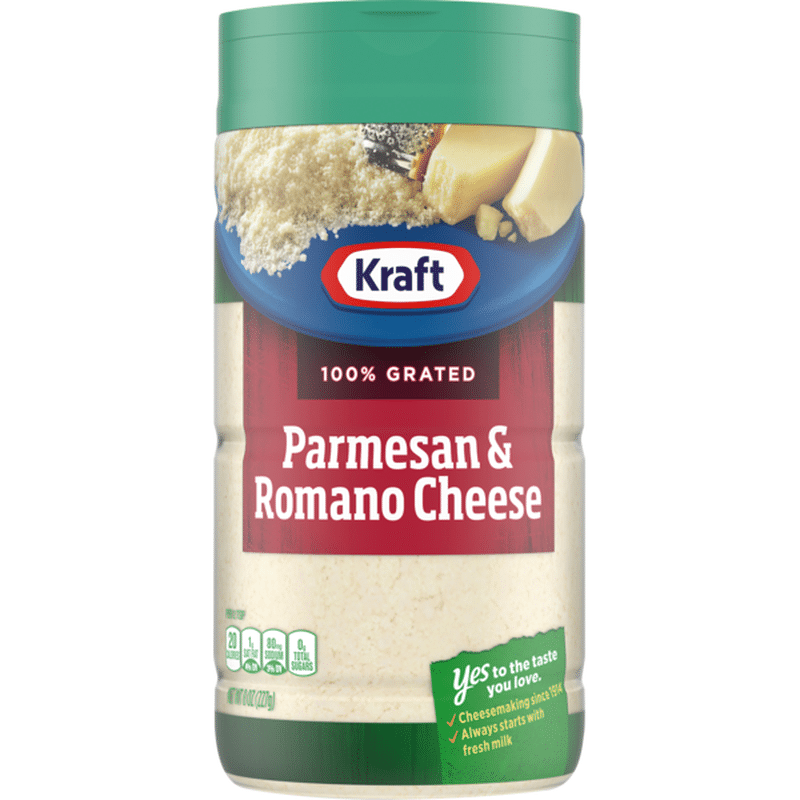 Kraft 100 Grated Parmesan & Romano Cheese (8 oz) from ShopRite Instacart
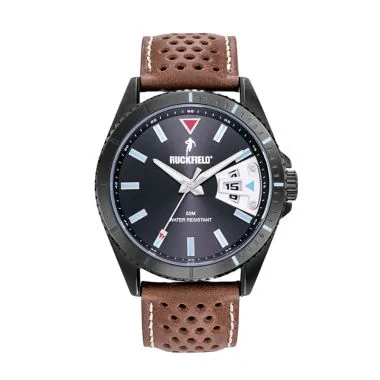 Montre Ruckfield - Classique - Dateur - Cuir Perforé Marron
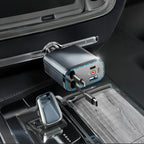 Arenzza Ultra-fast 4-in-1 car charger with retractable cables and ambient starlight lighting for vehicle charging.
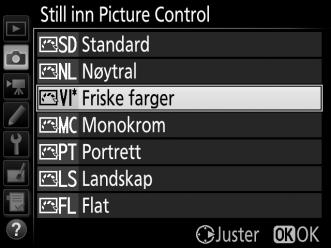 Endre Picture Controls Eksisterende forhåndsinnstilte eller egendefinerte Picture Controls (0 135) kan endres for å passe til motivet eller brukerens kreative hensikt.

• TASK ITEM:
Every line of the data above is to be set down word for word, with the pictures left out.

• TASK RESPONSE:
 Kraft 100 Grated Parmesan & Romano Cheese (8 oz) from ShopRite Instacart
 Montre Ruckfield - Classique - Dateur - Cuir Perforé Marron
 Arenzza Ultra-fast 4-in-1 car charger with retractable cables and ambient starlight lighting for vehicle charging.
 Endre Picture Controls Eksisterende forhåndsinnstilte eller egendefinerte Picture Controls (0 135) kan endres for å passe til motivet eller brukerens kreative hensikt.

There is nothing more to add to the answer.